The SIGHASH_NOINPUT flag is only active for segwit scripts with
version 1 or higher. Should the flag be used in a non-segwit script or
a segwit script of version 0, the current behavior is maintained and
the script execution MUST abort with a failure.
The transaction digest algorithm from BIP 143 is used when verifying a
SIGHASH_NOINPUT signature, with the following modifications:
2. hashPrevouts (32-byte hash) is 32 0x00 bytes
3. hashSequence (32-byte hash) is 32 0x00 bytes
4. outpoint (32-byte hash + 4-byte little endian) is
set to 36 0x00 bytes
5. scriptCode of the input is set to an empty script
0x00
The value of the previous output remains part of the transaction
digest and is therefore also committed to in the signature.
The NOINPUT flag MAY be combined with the SINGLE flag in which
case the hashOutputs is modified as per BIP
143[https://github.com/bitcoin/bips/blob/master/bip-0143.mediawiki]: it
only commits to the output with the matching index, if such output exists, and
is a uint256 0x0000......0000 otherwise.
Being a change in the digest algorithm, the NOINPUT flag applies to
all segwit signature verification opcodes, specifically it applies to:
* OP_CHECKSIG
* OP_CHECKSIGVERIFY
* OP_CHECKMULTISIG
* OP_CHECKMULTISIGVERIFY
== Binding through scripts ==
Using NOINPUT the input containing the signature no longer
references a specific output.
Any participant can take a transaction and rewrite it by changing the
hash reference to the previous output, without invalidating the
signatures.
This allows transactions to be bound to any output that matches the
value committed to in the signature and whose witnessProgram,
combined with the spending transaction's witness returns true.
Previously, all information in the transaction was committed in the
signature itself, while now the relationship between the spending
transaction and the output being spent is solely based on the
compatibility of the witnessProgram and the witness.

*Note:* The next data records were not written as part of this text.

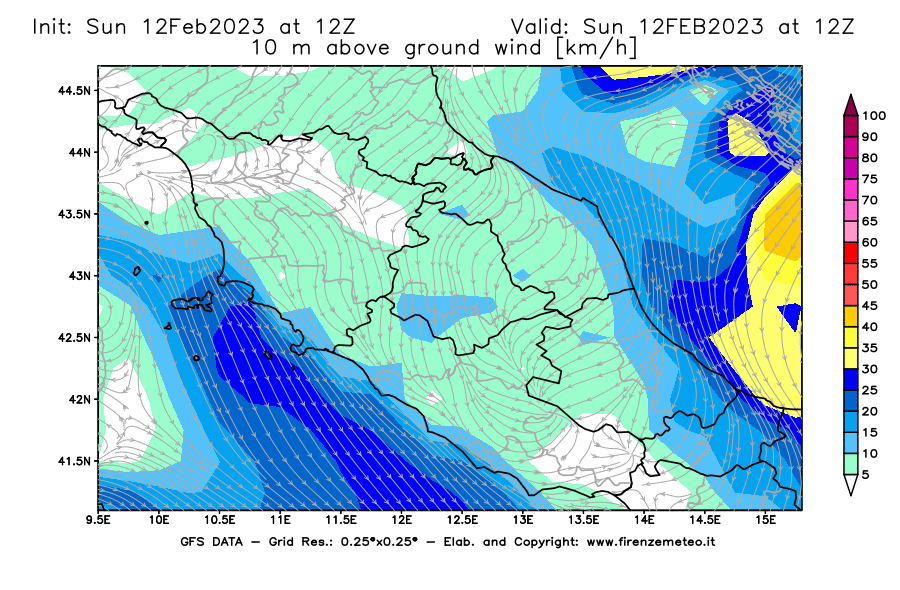 Mappa di analisi GFS - Velocità del vento a 10 metri dal suolo [km/h] in Centro-Italia
							del 12/02/2023 12 <!--googleoff: index-->UTC<!--googleon: index-->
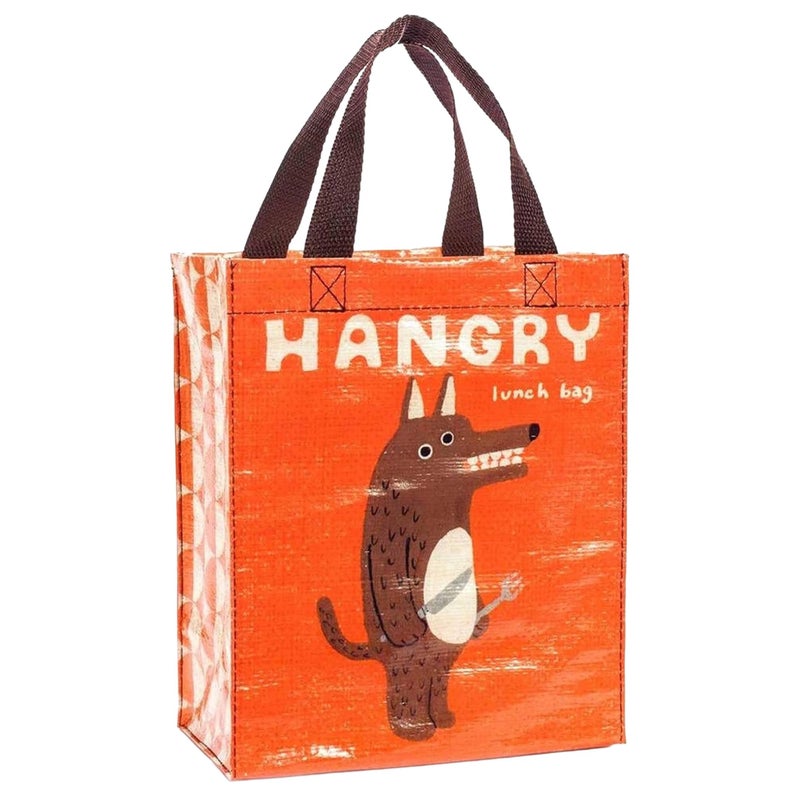 Blue Q Handy Tote ~ Hangry. Reusable lunch sack, little gift bag, sturdy and easy to clean, made from 95% recycled material, 10"h x 8.5"w x 4.5"d - Image 1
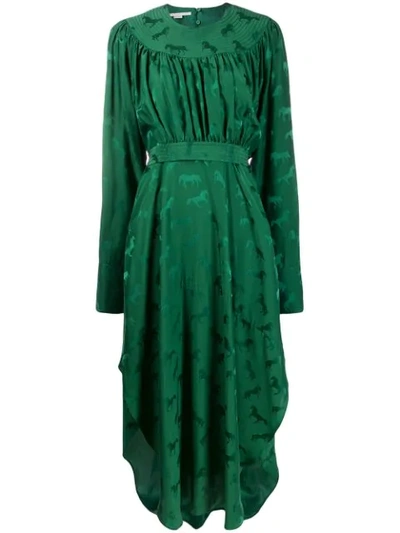 Stella Mccartney + Net Sustain Belted Jacquard Dress In Green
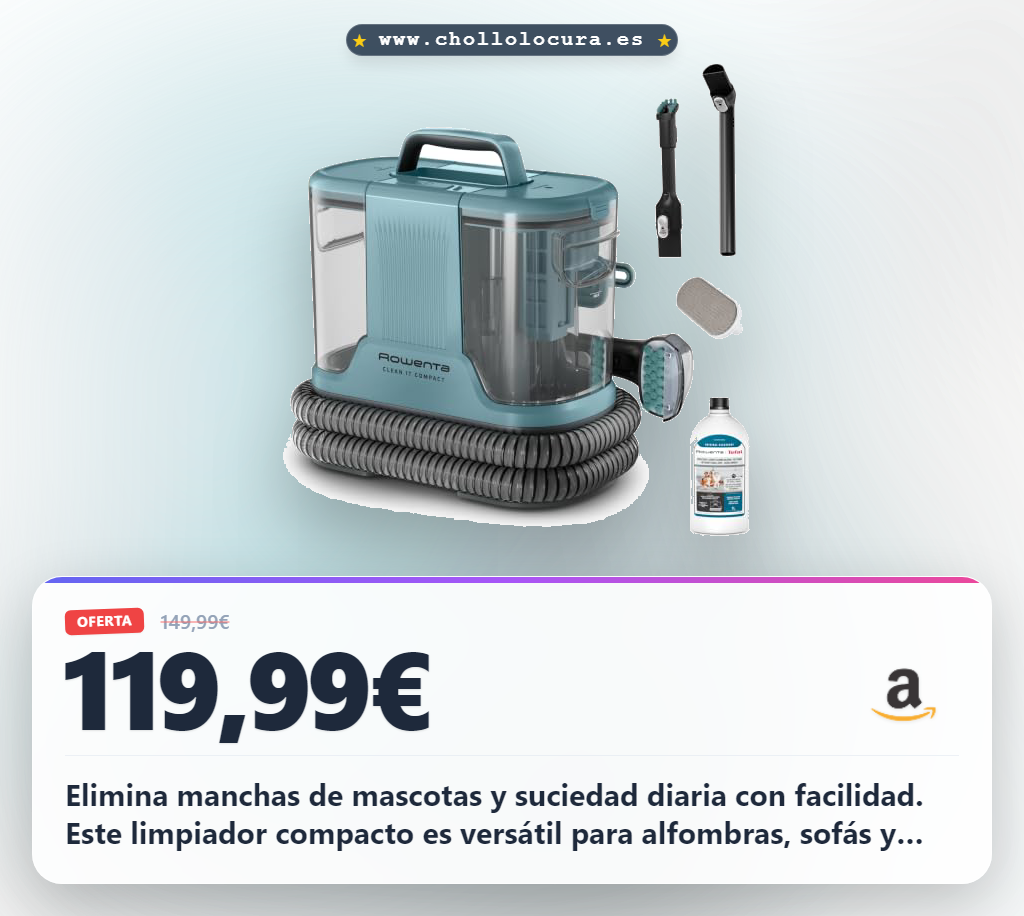 Aprovecha el limpiador portátil Rowenta Clean It Compact para eliminar manchas de mascotas y suciedad diaria al mejor precio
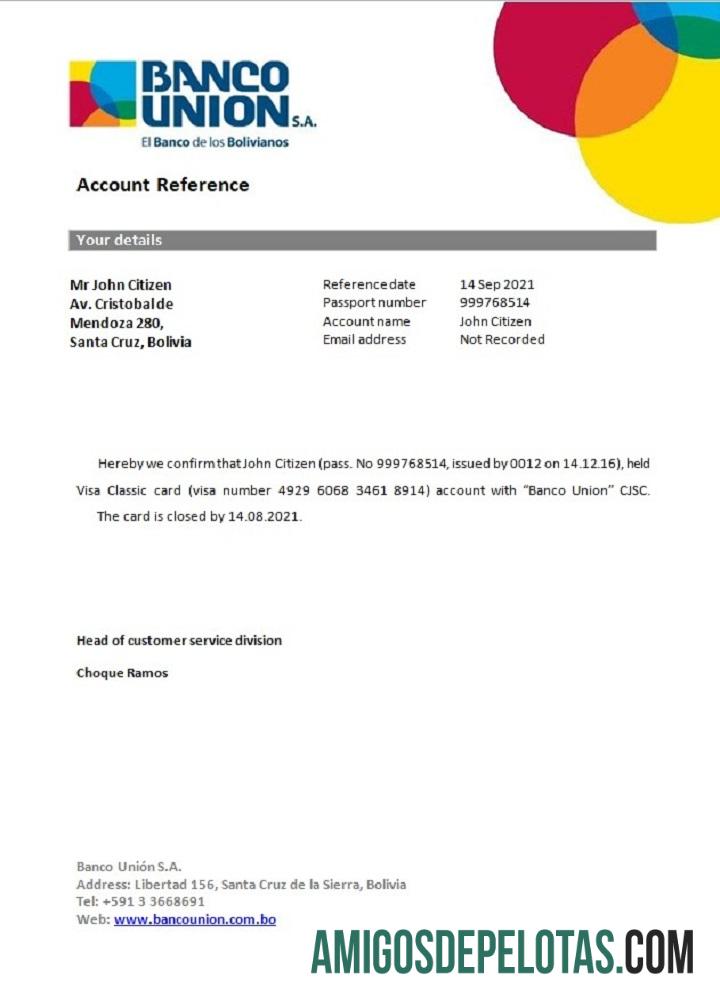 Referência de fechamento do Bolivia Banko Union exemplo real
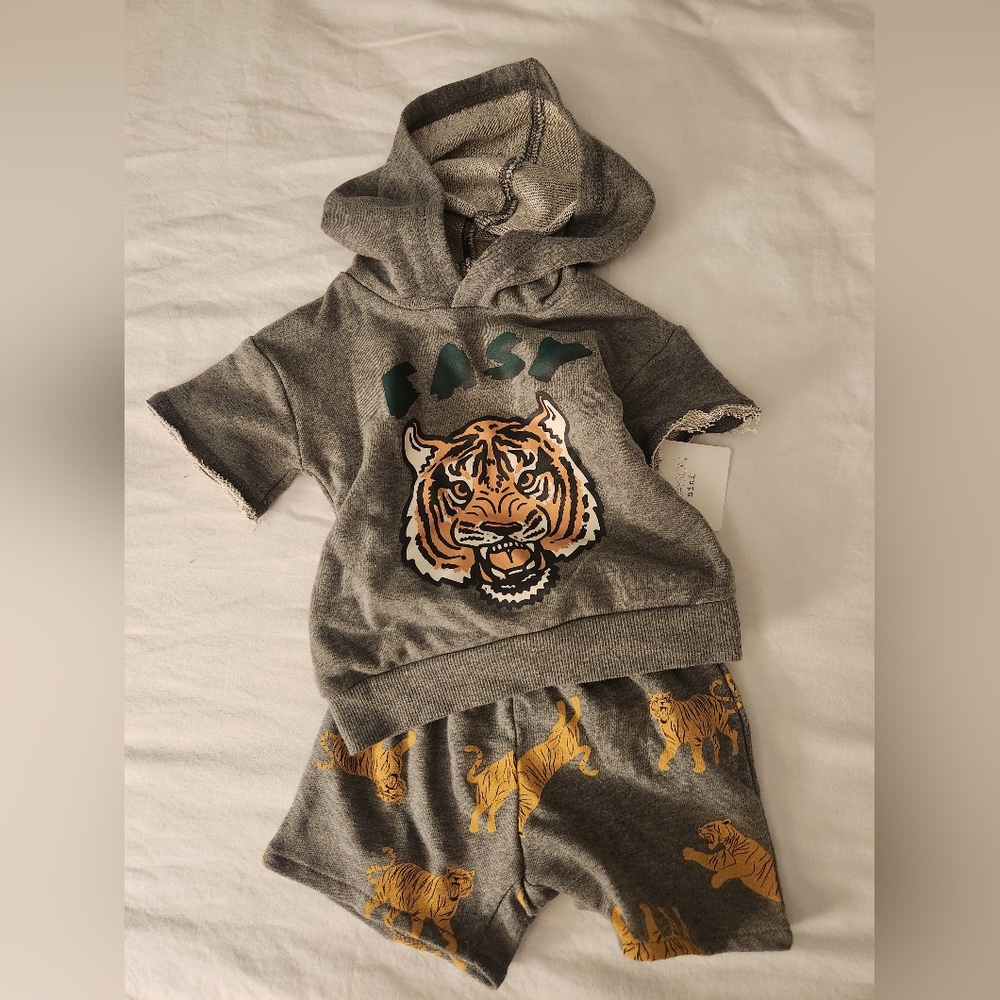 Grayson Threads Gray Tiger Kids Matching Set
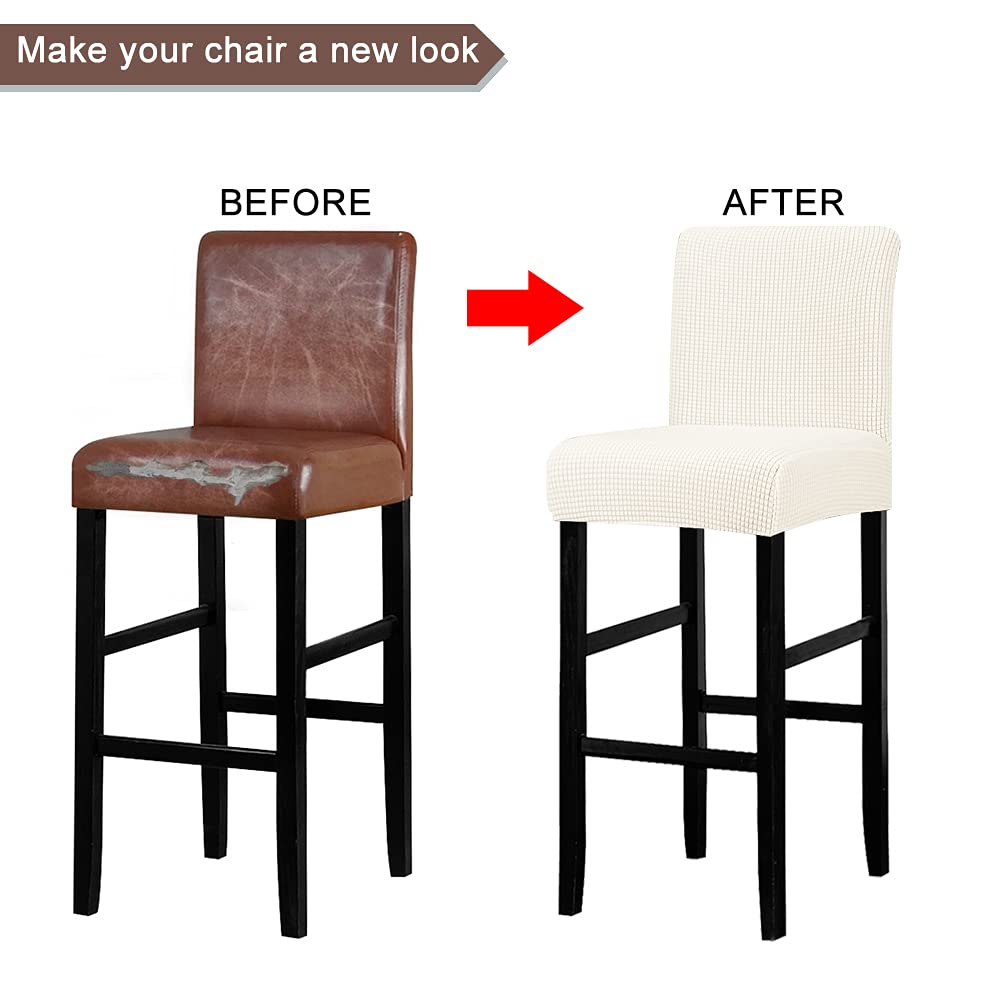 Lellen Reusable Pub Counter Stool Chair Covers Slipcover Stretch Removable Washable Dining Room Chair Covers Set Of 4 (Ivory)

This also means that particular care has to be taken in order to avoid
unintentionally enabling this rebinding mechanism. NOINPUT MUST NOT
be used, unless it is explicitly needed for the application, e.g., it
MUST NOT be a default signing flag in a wallet
implementation. Rebinding is only possible when the outputs the
transaction may bind to all use the same public keys. Any public key
that is used in a NOINPUT signature MUST only be used for outputs
that the input may bind to, and they MUST NOT be used for transactions
that the input may not bind to. For example an application SHOULD
generate a new key-pair for the application instance using NOINPUT
signatures and MUST NOT reuse them afterwards.
== Deployment ==
The NOINPUT sighash flag is to be deployed during a regular segwit
script update.
== Backward compatibility ==
As a soft fork, older software will continue to operate without
modification. Non-upgraded nodes, however, will not verify the
validity of the new sighash flag and will consider the transaction
valid by default. Being only applicable to segwit transactions,
non-segwit nodes will see an anyone-can-spend script and will consider
it valid.
== Acknowledgments ==
The NOINPUT sighash flag was first proposed by Joseph Poon in
February 2016[https://lists.linuxfoundation.org/pipermail/bitcoin-dev/2016-February/012460.html], after being mentioned in the original
Lightning paper[http://lightning.network/lightning-network.pdf]. A formal proposal was however
deferred until after the activation of segwit. This proposal is a
continuation of this discussion and attempts to formalize it in such a
way that it can be included in the Bitcoin protocol. As such we'd like
acknowledge Joseph Poon and Thaddeus Dryja as the original inventors
of the NOINPUT sighash flag, and its uses in off-chain protocols.
== References ==
== Copyright ==
This document is licensed under the BSD 3 Clause license.